Ahh bless....such a cutie.


----------



## JSR (Jan 2, 2009)

Now I went and looked and I've got MAJOR bedlington puppy broodiness going on!!!!!!!!! He's gorgeous...if you get bored of him wrap him up and send him special delivery to Wales please please please!!!


----------



## colliemerles (Nov 2, 2007)

wow how cute, what a sweet little face,x


----------



## Nicky09 (Feb 26, 2009)

Those are long legs and very cute puppy too.


----------



## lozza84 (Jul 19, 2008)

17 weeks old !!! wow he is a stunner :001_wub:


----------



## Fleur (Jul 19, 2008)

He is gorgeous - definately a super model with legs like that


----------



## justincjoe (Aug 30, 2009)

WOW i love this dog as a child who wasn't allowed a dog, this was the dog i always imaged i would get when i grew up i LOVE terriers especially with the little beards hehe class dog


----------



## jbiddle8 (Sep 5, 2009)

My-Terriers said:


> ... Now I see exactly why they're the described as that.
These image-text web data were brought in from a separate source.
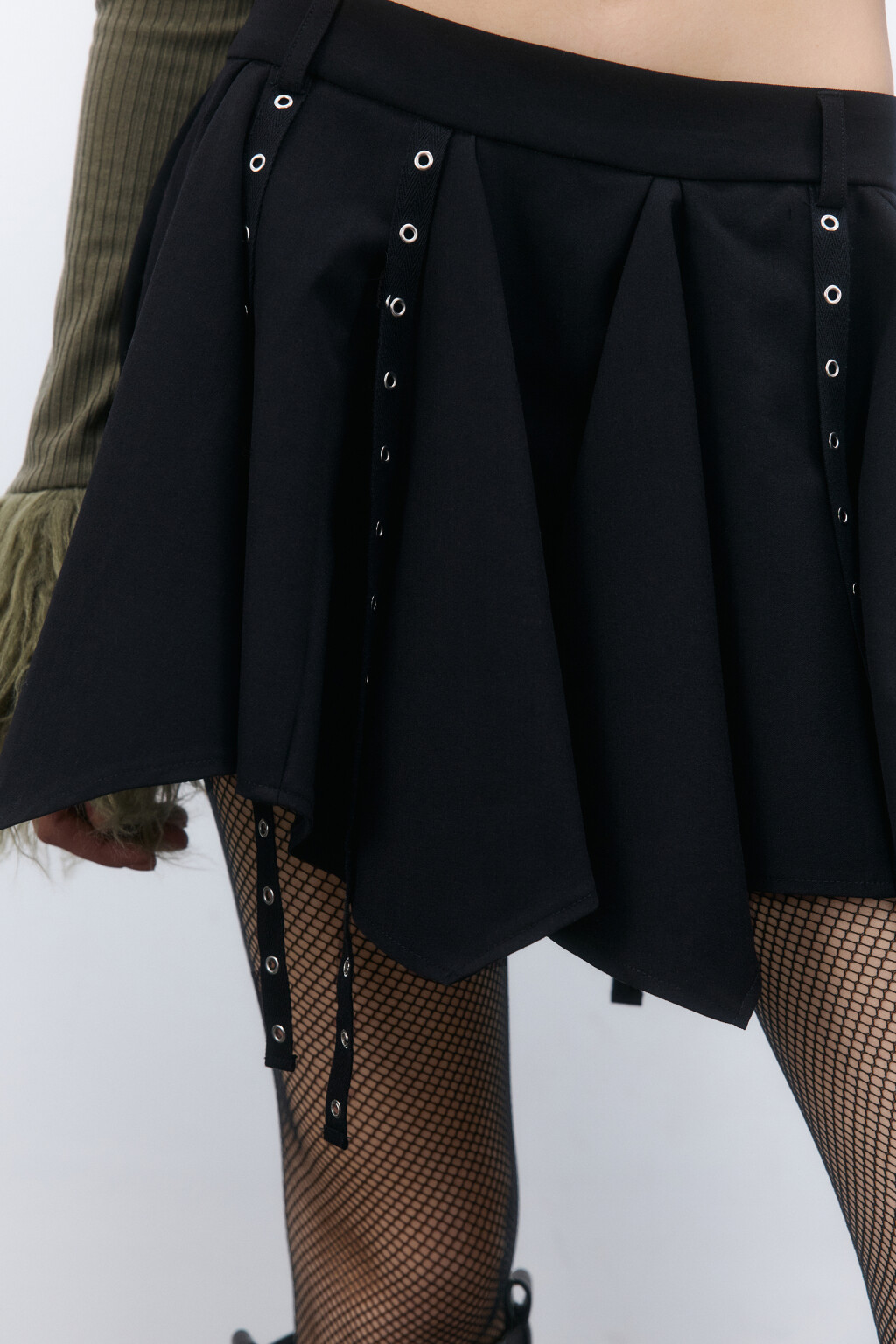Юбка-шорты с ремешками и люверсами - цвет черный - 5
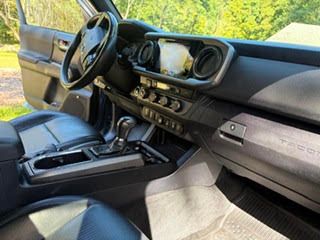 Used 2019 Toyota Tacoma TRD Off-Road w/ TRD Premium Off Road Package AWD/4WD image 11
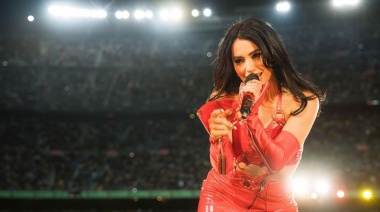 Lali hizo vibrar el Camp Nou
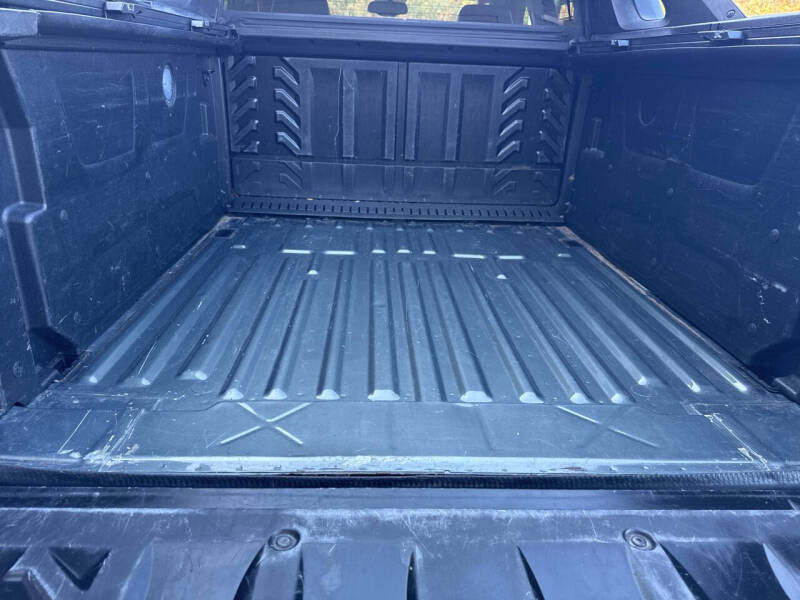 2011 Chevrolet Avalanche LTZ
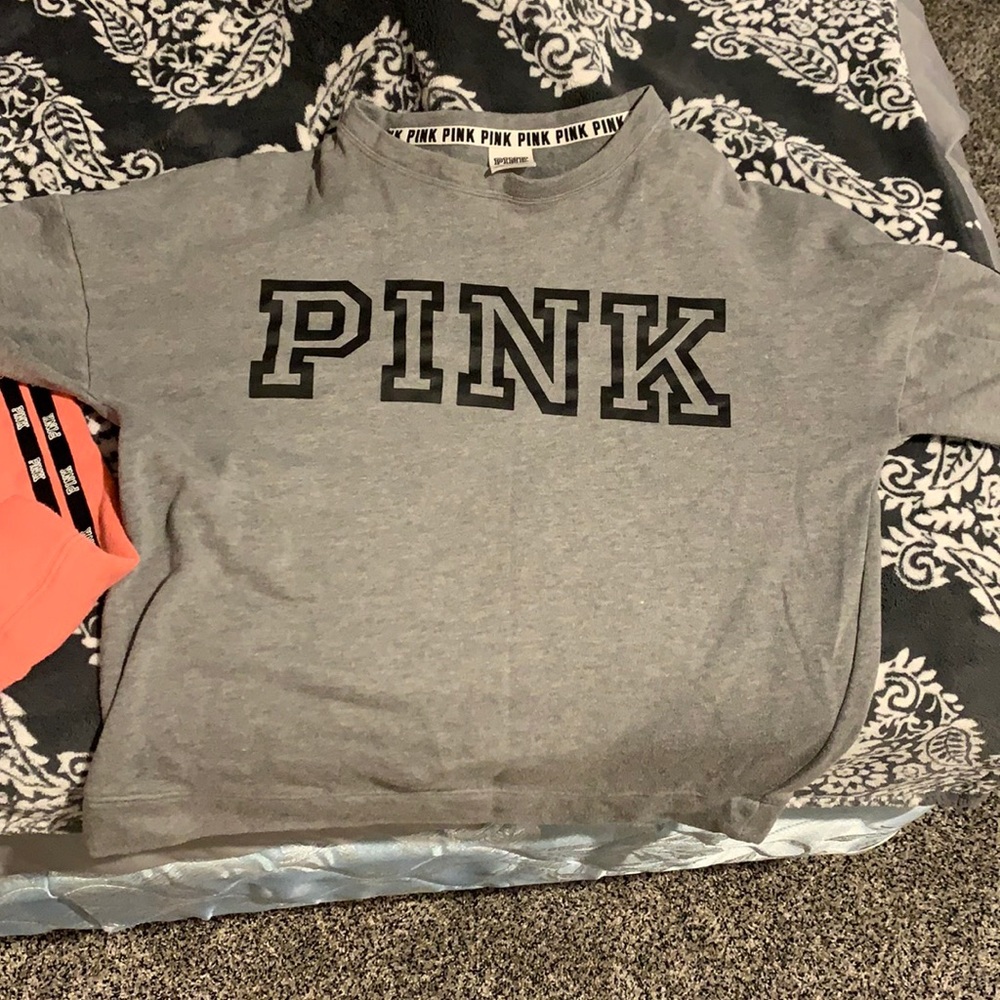 PINK VS sweatshirt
Look at Oscar now (17 wks), supermodel legs or what?!


I bet he can run faster than the wind!


----------



## srhdufe (Feb 11, 2009)

awwww he looks like Oscar did when he was a pup :001_wub:


----------



## My-Terriers (Jul 18, 2009)

He can run very fast, he builds up speed and _then_ remembers he doesnt know how to slow down, he just goes rolling into a ball!
He's the nicest puppy I've ever met, everything about him is lovely! I feel very priviledged to owm him!


----------



## sarahberra (Jun 26, 2009)

Wow I have never seen a long legged terrier. Cool.


----------